If a GC cycle occurs, in jitReleaseCodeCollectMetaData
we're only going to reclaim a successfully compiled body, so I'm not sure how it would get its hand on the metadata. Granted it doesn't look like we free the metadata from the AVL trees on compile failure so that's a memory leak.
I figured out when this scenario occurs.
In this code,
https://github.com/eclipse-openj9/openj9/blob/0385f07370413904765c93c6e93fa5c3f9be4006/runtime/compiler/control/JITClientCompilationThread.cpp#L3399-L3406
If a trampoline cannot be reserved on the client, compilation will fail, and the failure will be handled by processException
which will reclaim assumptions.
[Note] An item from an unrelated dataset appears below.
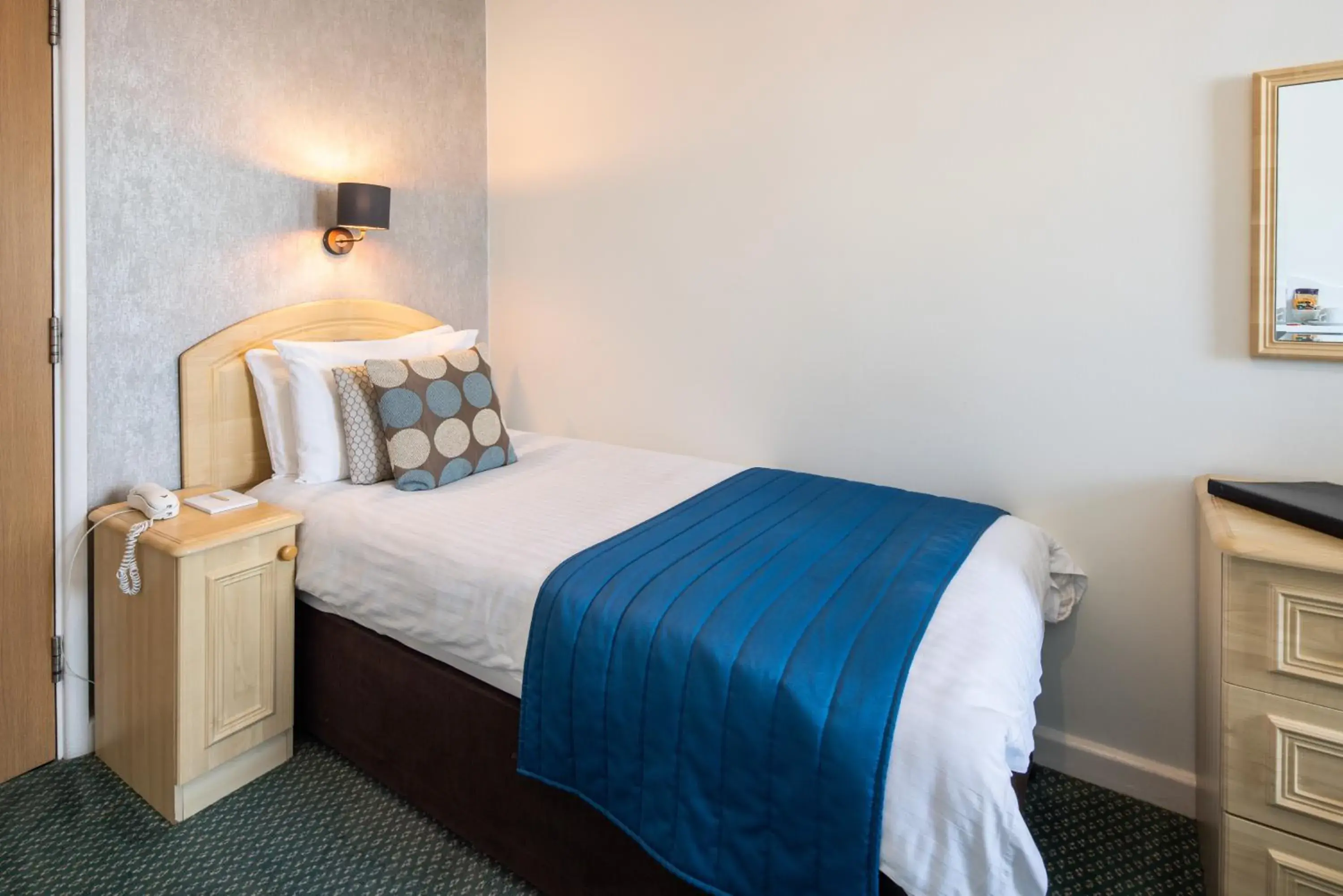 Bedroom, Bed in The Monterey Hotel - Sure Hotel Collection by Best Western Bedroom, Bed in The Monterey Hotel - Sure Hotel Collection by Best Western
However, at this point in the compilation, we already did relocations and added method's metadata to the tree which is cleaned up by GC. So, when the next GC cycle occurs, it will try to reclaim assumptions from metadata because runtimeAssumptionList
pointer wasn't set to NULL.
This explains why this error only happens on JITServer, since for non-JITServer resolved trampolines are reserved during compilation.
It's another question why trampoline reservation fails in the first place, but that's something to be addressed separately.
So, when the next GC cycle occurs, it will try to reclaim assumptions from metadata because runtimeAssumptionList pointer wasn't set to NULL.
Do we add the body to the faint cache block list when we fail the compile in JITServer? I guess my concern comes from the fact that in createMethodMetaData
we call artifactManager->insertArtifact
to add the metadata into the AVL trees. If a compile fails after this point, I guess I don't see that node getting removed unless we reclaim the code in HookHelpers. So there might be a problem there.
However, we're only going to reclaim bodies if we've added them to the faint cache block list, but that seems to only happen in jitReleaseCodeStackWalk
, which is a runtime thing. In the issue you're running into we haven't executed the body yet. In other words, we only reclaim a body when we decide to recompile it; if a compile fails, we're supposed to just release the reserved code cache. So I'm still not sure how the code that runs in a GC cycle could get its hand on the metadata of this (currently being compiled) body; even if the node is in the AVL tree, the infra won't remove it from the AVL tree until we process the faint cache blocks.
I could be missing some other code path though.
https://github.com/eclipse-openj9/openj9/blob/0a9c6ead004198c0bbf28d0fbc418d822624a45f/runtime/compiler/runtime/ClassUnloadAssumption.cpp#L516 This method is passed a double pointer to the sentinel runtime assumption location and a pointer to the metadata. When the method detects that all assumptions in a list were marked for detach, it will reset the sentinel pointer address to NULL. https://github.com/eclipse-openj9/openj9/blob/0a9c6ead004198c0bbf28d0fbc418d822624a45f/runtime/compiler/runtime/ClassUnloadAssumption.cpp#L559-L564 However, in many cases, the address of the sentinel pointer is the address inside compilation object, not the address inside the metadata. https://github.com/eclipse-openj9/openj9/blob/0a9c6ead004198c0bbf28d0fbc418d822624a45f/runtime/compiler/control/CompilationThread.cpp#L10743-L10748 This means that
metadata->runtimeAssumptionList
is not guaranteed to be NULL after the entire assumption list is reclaimed. This leads to crashes with JITServer, although the issue is not JITServer specific.Also note that the same piece of code has a memory leak, but I will address that in a separate issue.